### Directions for this task
Reproduce, exactly and only, the lines of the data that follows from the one containing "vidaXL Странична маса, cив" down to the one containing "San Diego Pickleball", without pictures.

### Materials provided
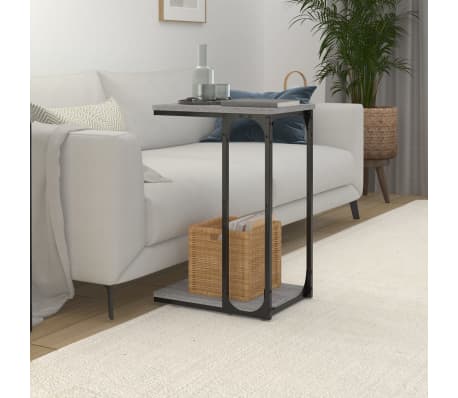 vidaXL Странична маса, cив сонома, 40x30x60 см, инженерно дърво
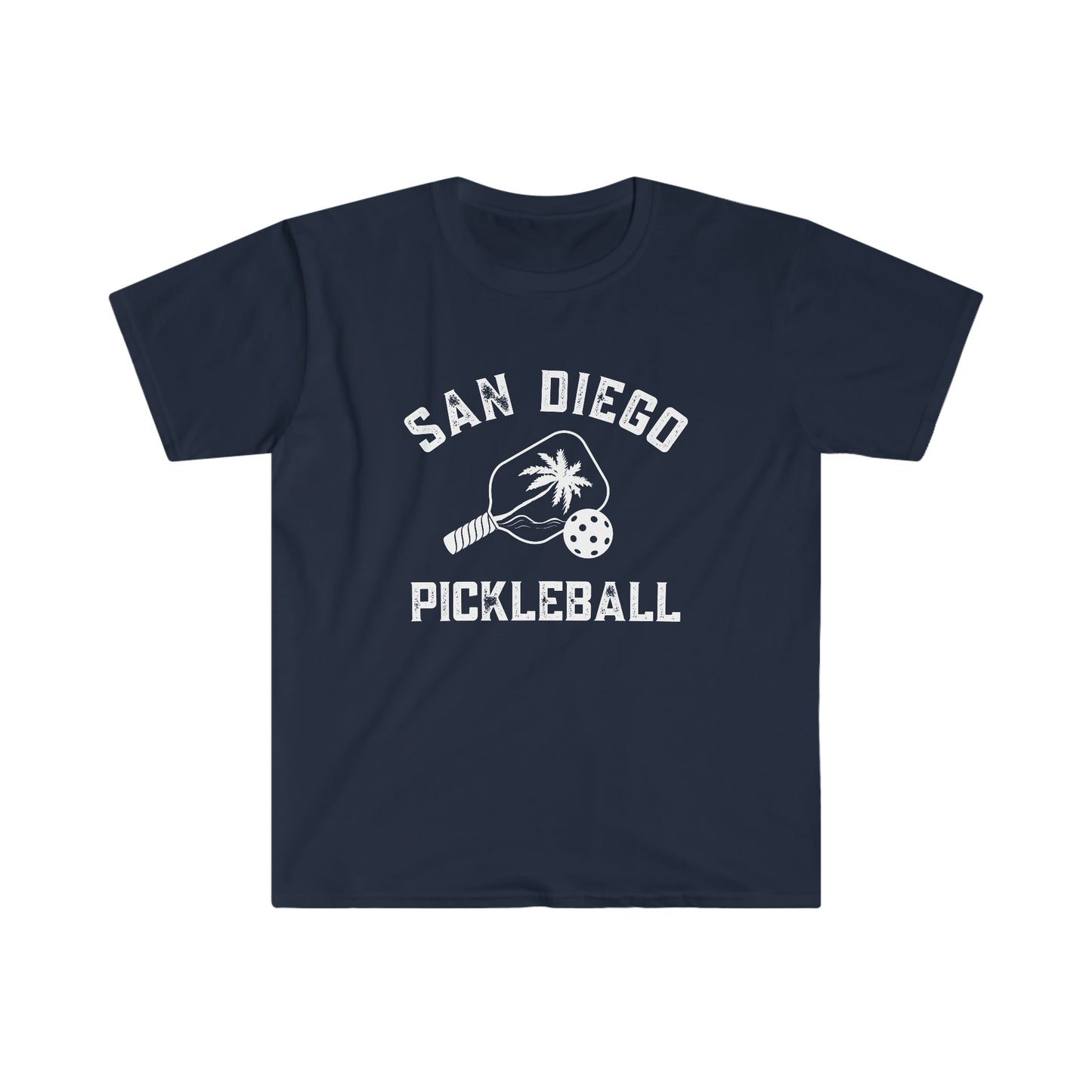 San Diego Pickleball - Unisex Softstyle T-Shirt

==

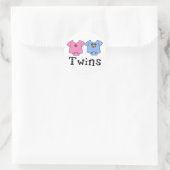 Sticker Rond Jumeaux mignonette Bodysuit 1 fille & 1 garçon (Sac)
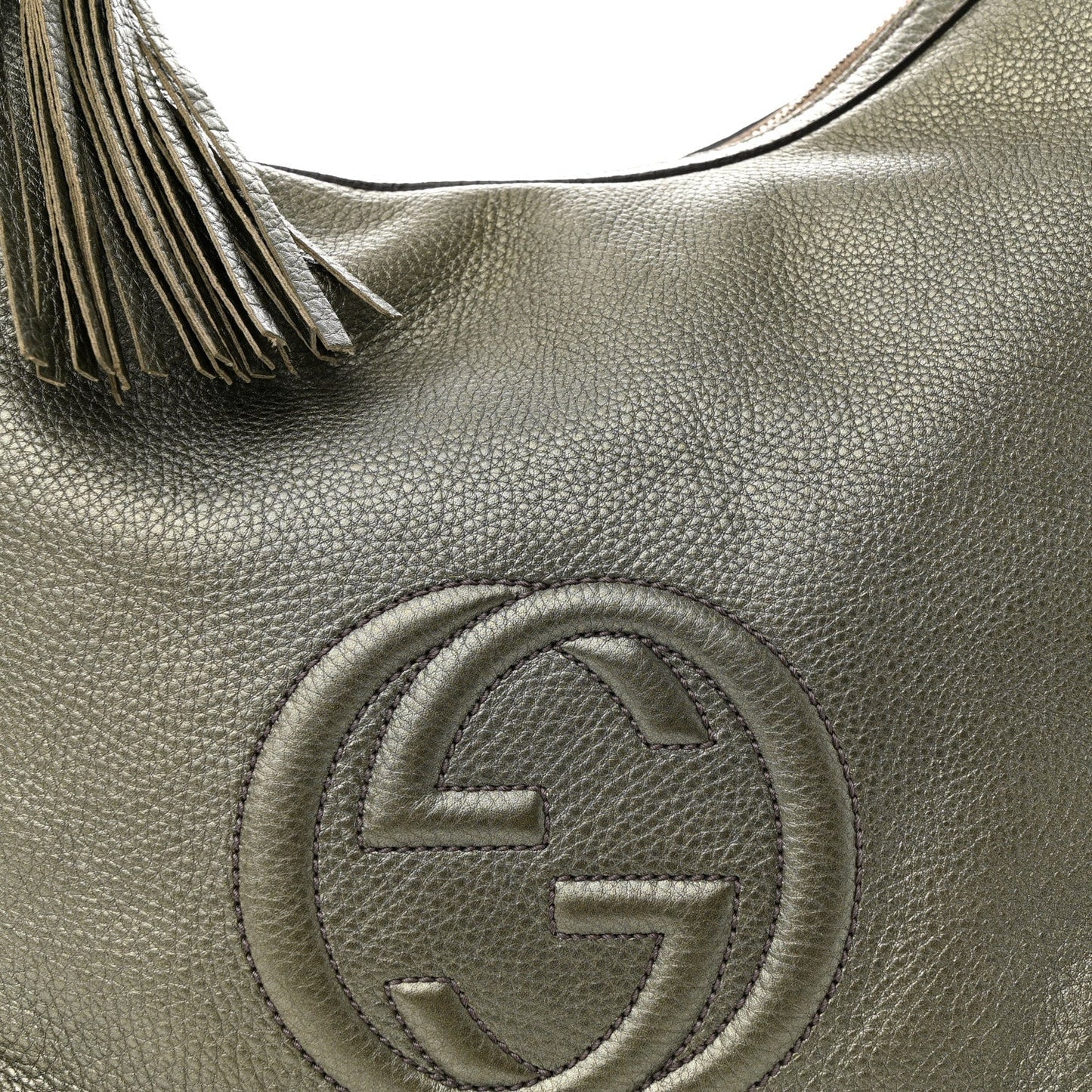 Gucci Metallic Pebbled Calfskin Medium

### Response
 vidaXL Странична маса, cив сонома, 40x30x60 см, инженерно дърво
 San Diego Pickleball - Unisex Softstyle T-Shirt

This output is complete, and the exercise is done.